On Mar 15, 2012 1:53 AM, "Masklinn" <masklinn@masklinn.net> wrote:
On 2012-03-14, at 18:36 , Matt Joiner wrote:
set.add(x) could return True if x was added to the set, and False if x was already in the set.
That does not mesh with the usual Python semantics of methods either having a side-effect (mutation) or returning a value. Why would that happen with sets but not with e.g. dicts?

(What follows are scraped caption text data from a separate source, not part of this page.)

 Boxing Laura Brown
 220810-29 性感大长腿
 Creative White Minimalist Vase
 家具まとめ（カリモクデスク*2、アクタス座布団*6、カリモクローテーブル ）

Because dict insertions are by operator?
Adding an element that is already present often constitutes an error in
my code.
Then thrown an error when that happens?
As I understand, set.add is an atomic operation. Having set.add return a boolean will also allow EAFP-style code with regard to handling duplicates, the long winded form of which is currently:
if a not in b: b.add(a) <-- race condition do_c()
Which can be improved to:
if b.add(a): do_c()
Advantages: * Very common code pattern. * More concise. * Allows interpreter atomicity to be exploited, often removing the need for additional locking. * Faster because it avoids double contain check, and can avoid locking.
Nope, as Andrew noted it's possible that an other thread has *removed* the element from the set before do_c (so you've got your race condition right there, assuming do_c expects `a` to be in `b`)
And since you're using a set `b.add(a)` is a noop if `a` is already in `b` so there's no race condition at the point you note. The race condition is instead in the condition itself, you can have two different threads finding out the value is not in the set and ultimately executing do_c.
There's still a performance cost in looking up the already present value a second time.